Eine Australierin wiederum erlebte die Katastrophe in der Hauptstadt Pago-Pago auf Amerikanisch-Samoa. Ein Bekannter sei mit einem Bus unterwegs gewesen, als der Tsunami kam. "Vier seiner Passagiere wurden fortgerissen."

Lynne Coles erzählte, zwei ihrer Cousins seien während des Erdbebens bei einem Autounfall gestorben: "Die Straße wurde in zwei Teile zerrissen". Und der samoanische Premierminister Tuilapa Sailele berichtete, in seinem Dorf würden Kinder vermisst. In den Palmen "hingen die Leichen von Opfern".

Indes kritisierte Vize-Premier Misa Telefoni, die Bevölkerung sei nicht gewarnt worden. Andere Quellen dagegen melden, die Bewohner hätten drei Minuten Zeit gehabt, um sich nach dem Alarm in Sicherheit zu bringen. Das Pazifische Tsunami-Warnsystem in Hawaii löste einen Alarm aus, der selbst im 3000 Kilometer entfernten Neuseeland zu Evakuierungen führte. Dort war die Flutwelle nur noch 40 Zentimeter hoch.

Als sich das Wasser zurückzog, wurden Leichen an die Oberfläche gespült. Stromleitungen waren zerstört, Telefonverbindungen zusammengebrochen. Weil auch viele Straßen und eine wichtige Brücke von den Wassermassen mitgerissen wurden, versuchten Menschen da und dort zu Fuß in die betroffenen Gebiete vorzudringen. Andere saßen noch Stunden nach der Flut verängstigt auf Hügeln. Wer die Möglichkeit dazu hatte, verbringt die kommenden Nächte bei Freunden oder Verwandten im Landesinneren.
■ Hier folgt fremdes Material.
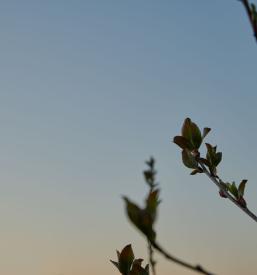 Medni liker aronije Slovenija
An der Küste machte auch ein deutsches Ehepaar Urlaub. Die Berliner erlitten leichte Verletzungen und wurden in einem Krankenhaus versorgt, berichtet der deutsche Honorarkonsul, Arne Schreiber. Die 25 auf Samoa lebenden Deutschen seien wohlauf. Schreiber sagt, er erhalte E-Mails von Leuten, die ihre Angehörigen in der Region vermuten. Ein Überblick über die Lage zu bekommen, sei schwierig.